O ritmo da música Rumba para los rumberos agita o público no ginásio de Anaheim, Califórnia, Estados Unidos, no domingo 24. Concentrada, a ginasta brasileira Daiane dos Santos pára num dos cantos do tablado do ginásio, ganha velocidade com uma sequência de saltos e, de costas, decola. O vôo dura pouco mais de um segundo, mas é suficiente para transportá-la da planície dos atletas de padrão médio às alturas do sucesso mundial. No pequeno intervalo de tempo em que ficou no ar, a gaúcha de 20 anos e 1,45 metro virou de frente, num movimento chamado rodante flic, fechou o corpo como um canivete e deu dois mortais impressionantes, consolidando um outro movimento, o duplo twist carpado. Logo depois, encerrou a apresentação igualmente curta, de 1m28s. Não precisava mais. Com a nota 9,737, a medalha de ouro na prova de solo, a primeira do Brasil em um campeonato mundial de ginástica, estava garantida. “Tive o pressentimento de que iria ganhar”, revela. Ela lembra que Bela Karoly, técnico da fantástica equipe romena da qual fazia parte Nadia Comaneci, a primeira ginasta a tirar um dez numa Olimpíada, dizia que achar uma moeda a caminho da competição era sinal de bom desempenho. “E eu achei duas”, conta Daiane.
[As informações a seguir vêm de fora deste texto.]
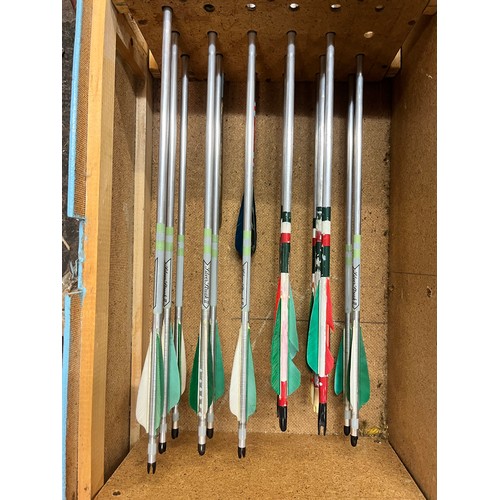 431 - ARCHERY BOW AND BOX OF ARROWS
Desenvolvido com a orientação do novo técnico da seleção brasileira,
o ucraniano Oleg Ostapenko, o duplo twist carpado é um grande feito. Apresentado pela primeira vez no campeonato brasileiro, foi definido
pelos juízes do Mundial como um Super E, ou seja, movimento com alto grau de dificuldade e risco. A Federação Internacional de Ginástica (FIG) poderá batizar a sequência de “Dos Santos”, sobrenome de Daiane. Se isso ocorrer, será um justo reconhecimento. Filha de uma cozinheira e
de um monitor da Fundação de Proteção Especial, a Febem gaúcha, a ginasta e suas três irmãs não passaram fome, mas tiveram as limitações de uma família de classe média baixa. Hiperativa na infância, levava à loucura os pais de seus amigos. Muitos deles se esforçavam para evitar
a presença da pequena em suas casas. Foi descoberta aos 11 anos pela técnica Cleusa de Paula, enquanto dançava e fazia bagunça numa praça do bairro Menino Deus, em Porto Alegre. “Vi que ela tinha força no braço e muita ginga”, contou Cleusa. A técnica levou Daiane para o Grêmio Náutico União, onde ela treinou até se incorporar à seleção brasileira. Para isso, mudou-se de Porto Alegre para Curitiba. “No início, o dinheiro das viagens saía na base do paitrocínio, o dinheiro que eu conseguia recolher no sufoco”, conta o pai, Moacir. Hoje, as coisas melhoraram. Entre salários e patrocínios, a ginasta embolsa cerca de R$ 12,1 mil mensais. Daiane não foi a única da família a pular naquele domingo. Ao ver na tevê um boletim anunciando a medalha, a mãe da ginasta, dona Magda, deu um salto e colocou a mão no peito. Felizmente, o coração continua em ordem. E o sofá também.